The final Environmental Impact Statement (EIS) for Keystone XL, which the State Department completed in January 2014 and did not update before issuing, severely underestimated the project’s dangerous impacts on the climate, water resources, wildlife, and communities alongside the outlined pipeline route. More than three years later, there is increasing evidence of the risks of completing KXL. The State Department ignored much of this evidence in its haste to approve KXL under a 60-day deadline set by President Trump and relied solely on an outdated EIS. If approved, KXL would be responsible for at least 181 million metric tons of carbon dioxide equivalent (CO2e) each year, comparable to the tailpipe emissions from more than 37.7 million cars or 51 coal-fired power plants. 
Kate French, Chair of the Northern Plains Resource Council, said, “As Montanans, we understand the importance of water. We depend on our rivers and our groundwater for drinking, for irrigation, and for our biggest economies – agriculture, recreation, and tourism. A threat to our water is a threat to our most basic needs. Together we must do everything we can to protect our water and our future."  Kate can be reached for comment at 406-461-5312. 

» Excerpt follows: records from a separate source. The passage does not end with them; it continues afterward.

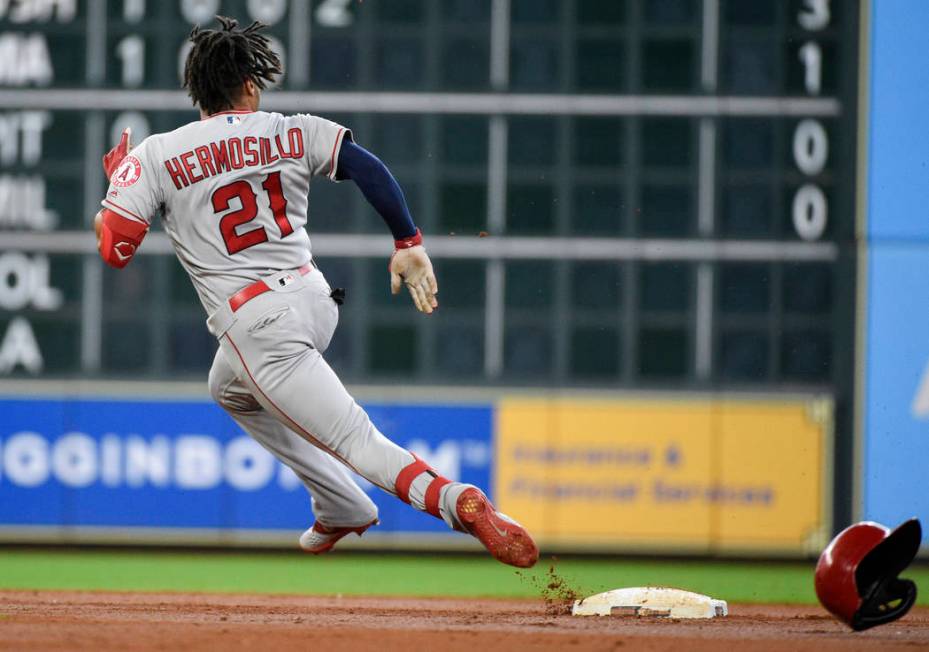 Los Angeles Angels' Michael Hermosillo runs to third after hitting a triple during the second i ...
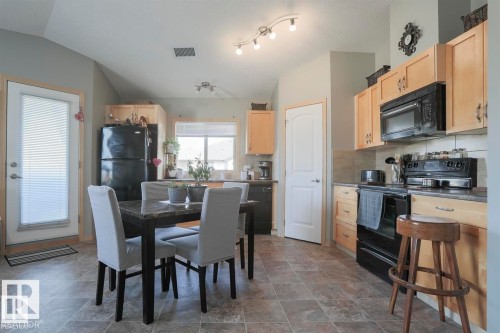 Dining space with stone finish floors and lofted ceiling - 86 604 62 Street, Edmonton, AB - Indoor
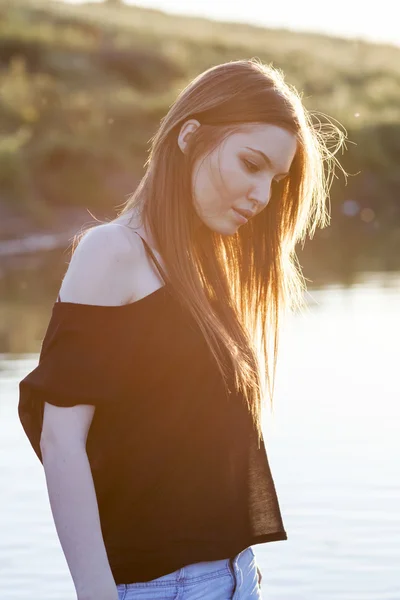 Hermosa chica de pelo largo y liso posando en el campo con luz del atardecer, contra la luz — Foto de Stock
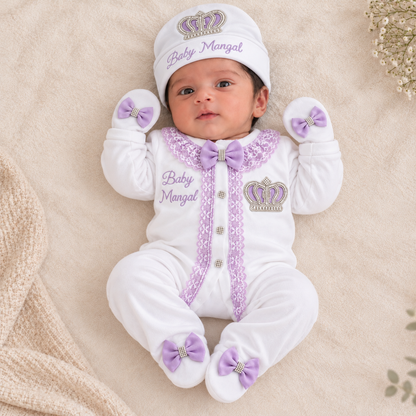 A baby lying on a soft beige blanket, wearing a white footed onesie with lavender lace trim, lavender bow details, and a matching white beanie. The outfit has 'Baby Mangal' embroidered on the chest and a lavender crown graphic on the shoulder.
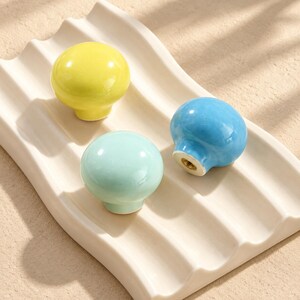 May include: Three round ceramic cabinet knobs in bright yellow, light blue, and pale mint green. Each knob features a smooth, glossy finish and a central metal threaded insert on the base for mounting, displayed on a white wavy ceramic tray.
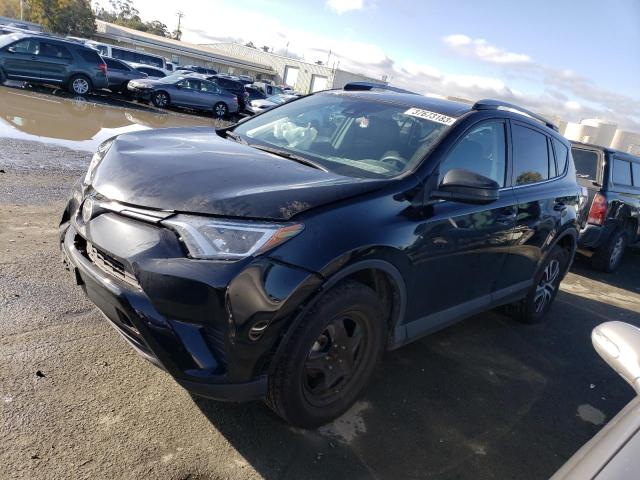 TOYOTA RAV4 LE 2018 with VIN 2T3ZFREV8JW462818 - Photo from auction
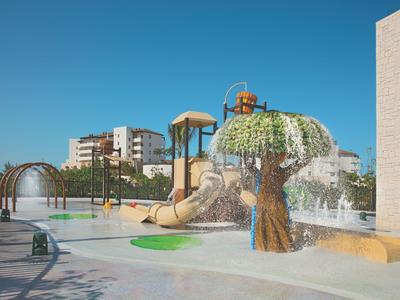 Parco acquatico giochi vuoto con scivoli e giochi d'acqua sotto un cielo azzurro limpido.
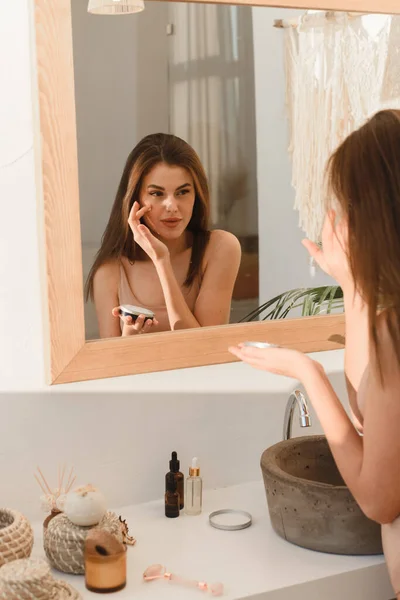 Una mujer joven se aplica crema hidratante en la cara en su baño de sol. Concepto de rutina diaria, hidratación y cuidado de la piel — Foto de Stock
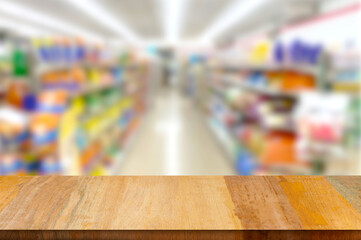 An empty wooden table against the backdrop of a supermarket shelf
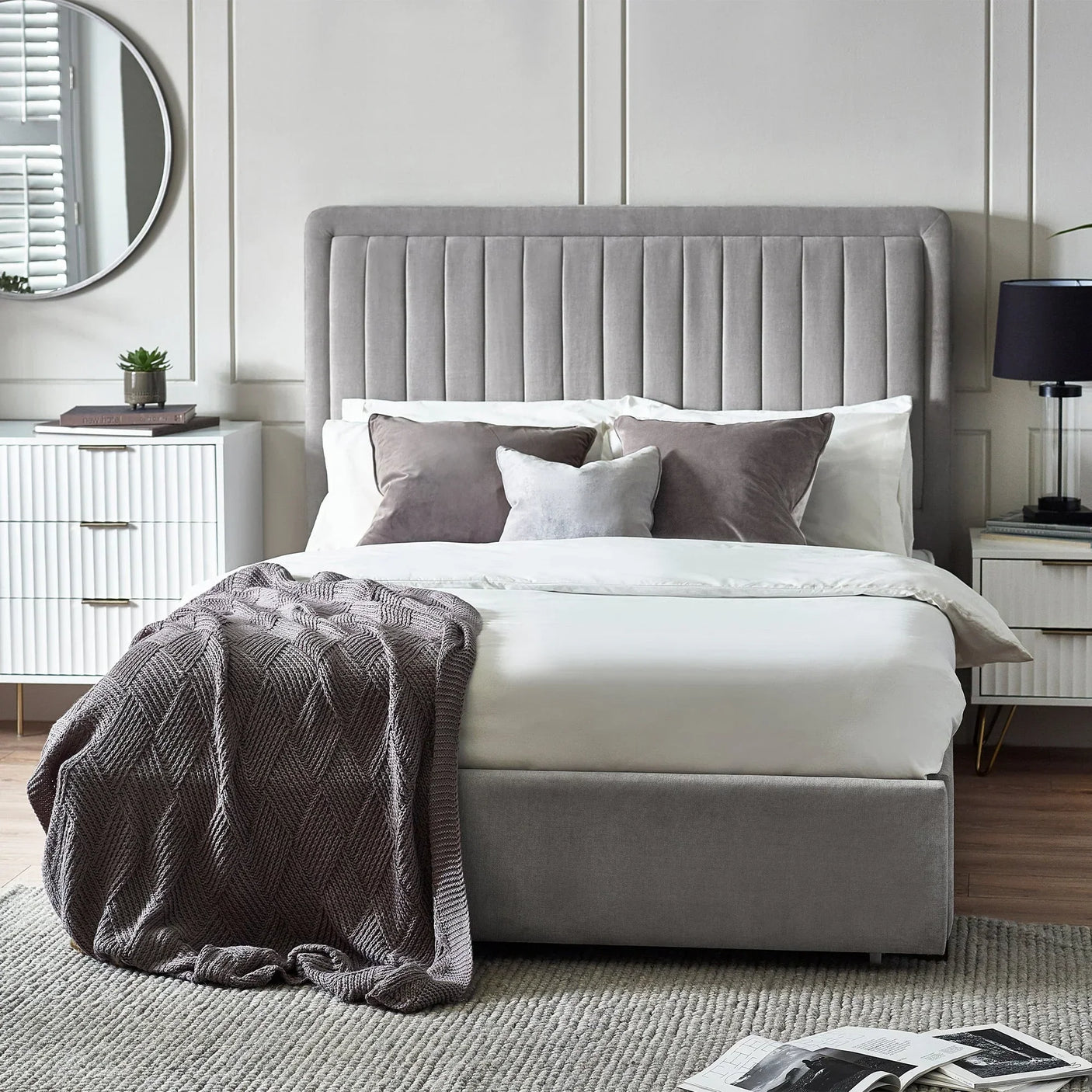 Grey upholstered bed with tall headboard, neatly made with pillows, throw, and bedside tables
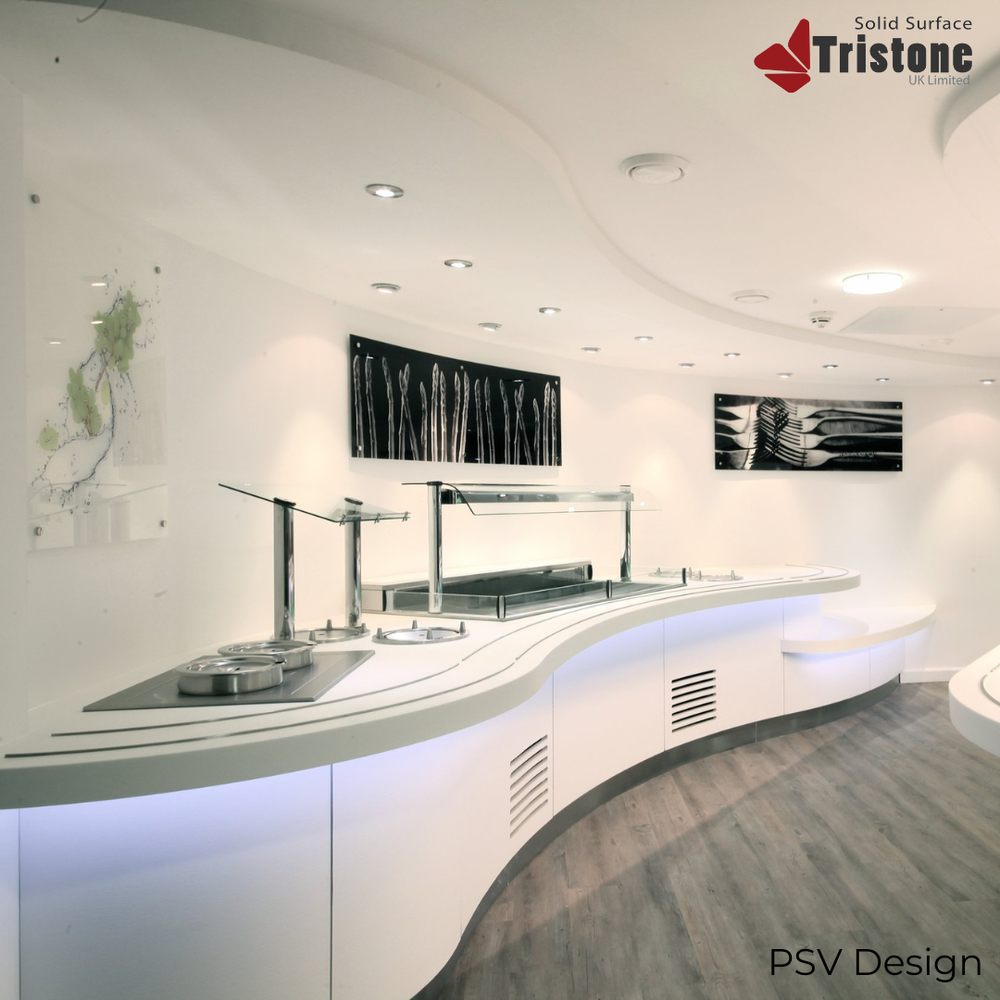 Modern buffet area with white curved counter, abstract artwork on white walls, and metal food covers, in a well-lit setting.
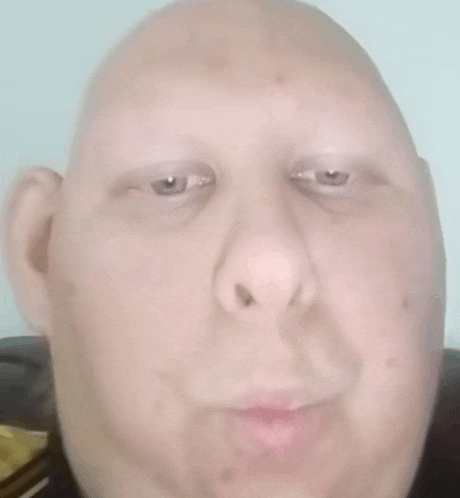 a close up of a bald man 's face with a very funny face .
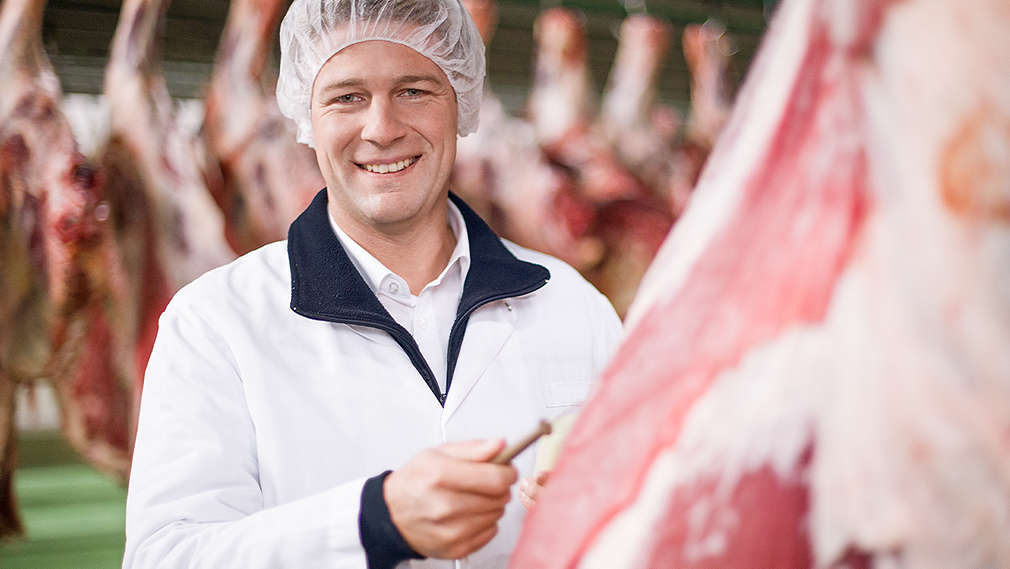 Metzger steht in Fleischwerk zwischen Teilstücken vom Schwein und Rin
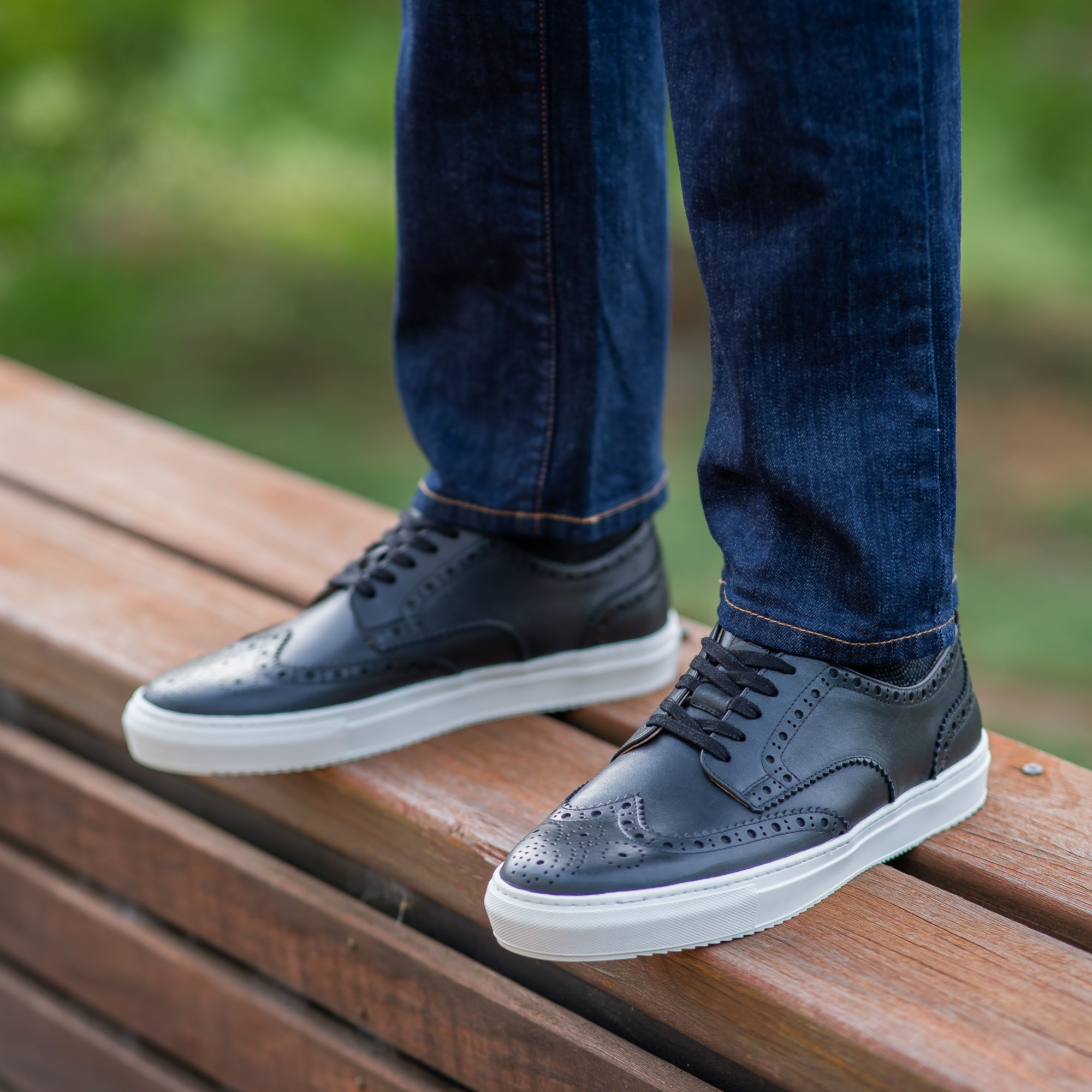 The Alpha low top wingtip sneakers in black with hand punches holes on the upper leather worn with blue jeans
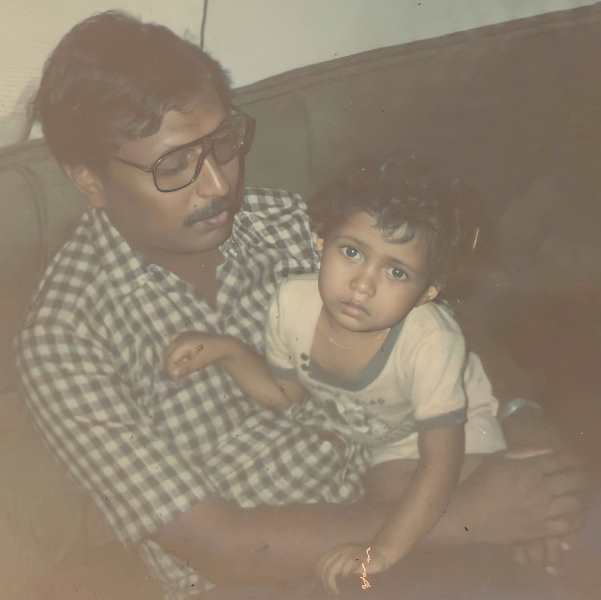 A childhood photograph of Omar Lulu with his father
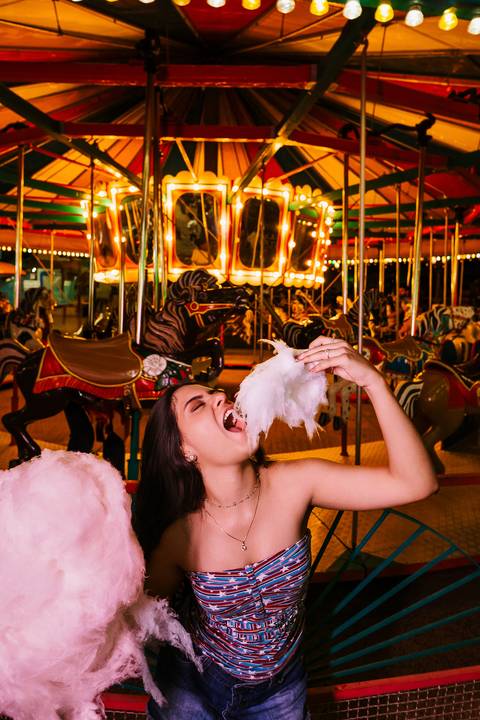     Retrato espontâneo de debutante em meio às luzes do parque de diversões'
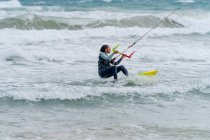 Aktive Sportlerin auf dem Kiteboard hält Kontrollstange beim Kitesurfen und schaut auf schäumenden Ozean weg — Stockfoto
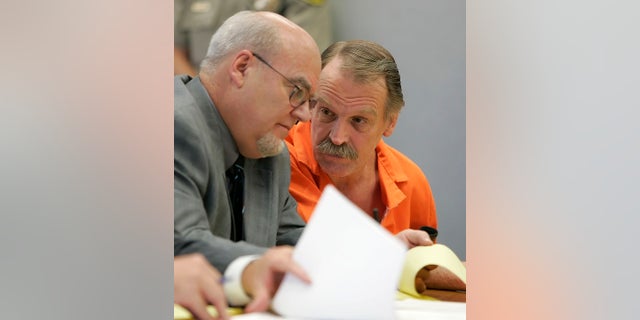 In 2005, Ron Lafferty, right, confers with his attorney. (AP Photo/George Frey, File)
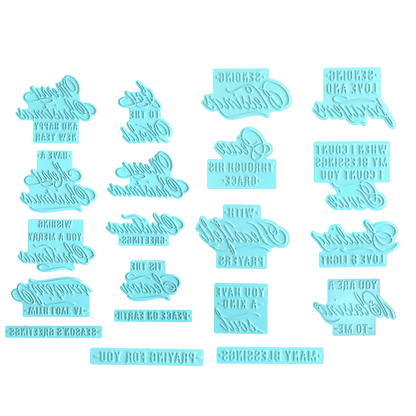 Fourteen blue plastic embossing stamps featuring reversed, cursive text for customizing messages on baked goods, arranged neatly on a white background—an ideal companion to the Gilded Small Sentiments Foil Plates Bundle or other hot foil plates for your Christmas crafting projects.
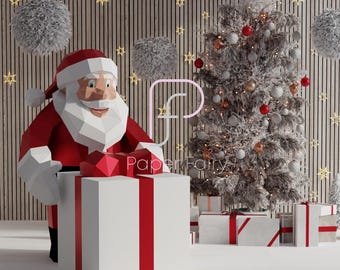 May include: A papercraft Santa Claus figure holding a large red and white gift box with a red ribbon. The figure is standing in front of a Christmas tree decorated with red, white, and gold ornaments. The background is a wood panel wall with white fluffy balls and gold stars.
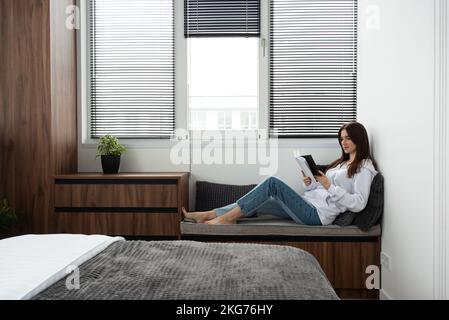 Frau liest Buch in einem Schlafzimmer mit Bett und Holzgarderobe in einem modernen Apartment Stockfoto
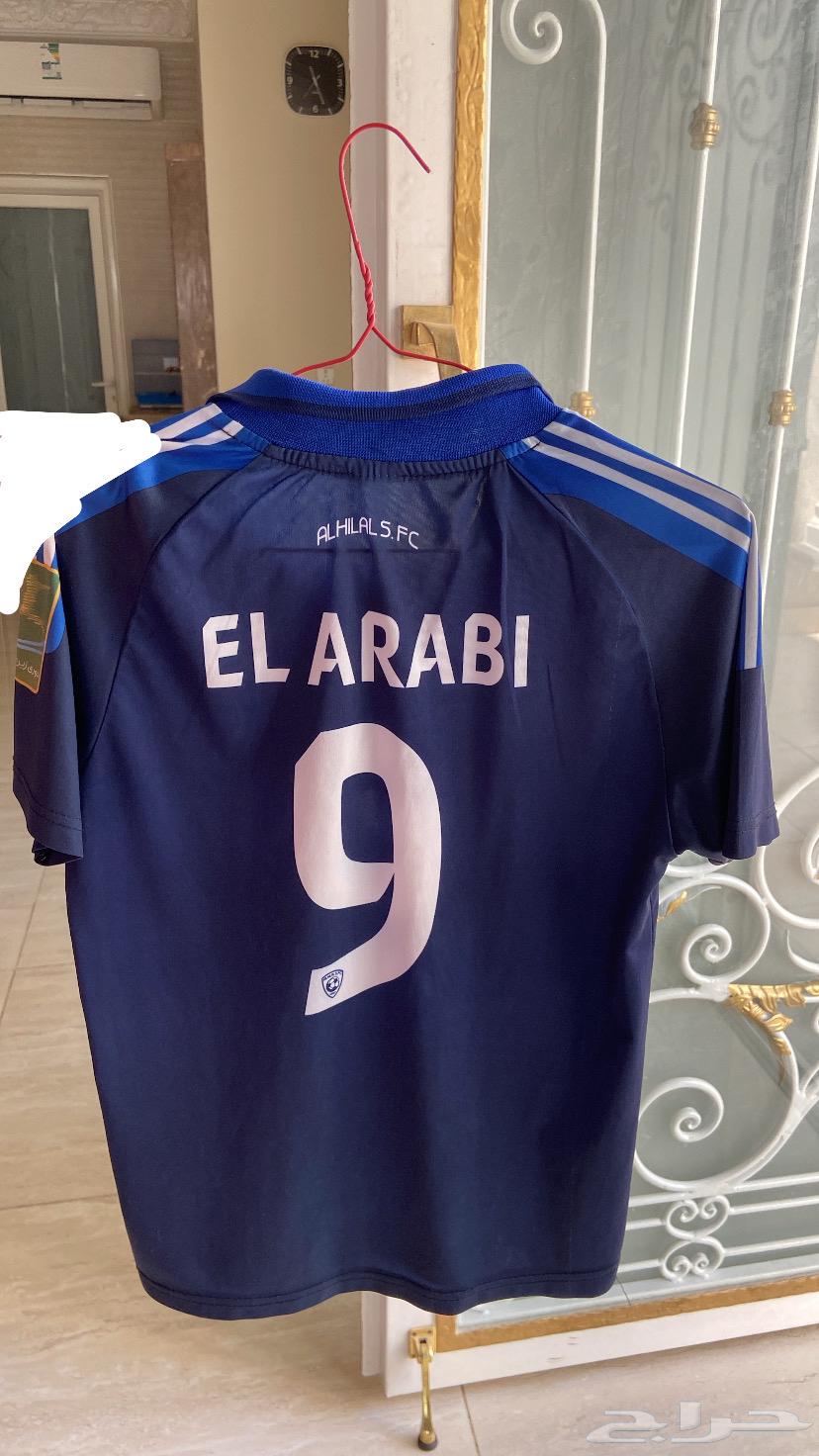 تيشرت يوسف العربي طقم الهلال 2011 ( ماني متاكده اذا اصلي)64574103005441110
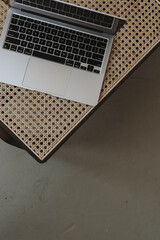 Wall Mural - Flatlay of laptop computer on rattan chair. View from above. Flat lay, top view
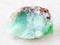 rough crystal of Chrysoprase gemstone on white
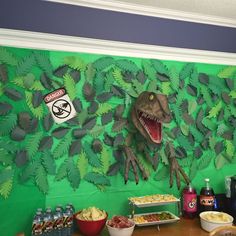 a dinosaur eating food in front of a green wall with paper cutouts on it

Ken Winston, Legal Counsel of the Bold Alliance, said, “The Bold Alliance is proud to stand with the millions of people our organizations represent in this challenge to the State Department’s flawed approval process for the KXL pipeline. We stand for the rule of law and protection of the air, the lifegiving water and land that sustains us. We stand against eminent domain for private gain. KXL still has no legal route through Nebraska; TransCanada has the burden to prove their proposed route is in the public interest. We do not believe they will be able to meet that burden.”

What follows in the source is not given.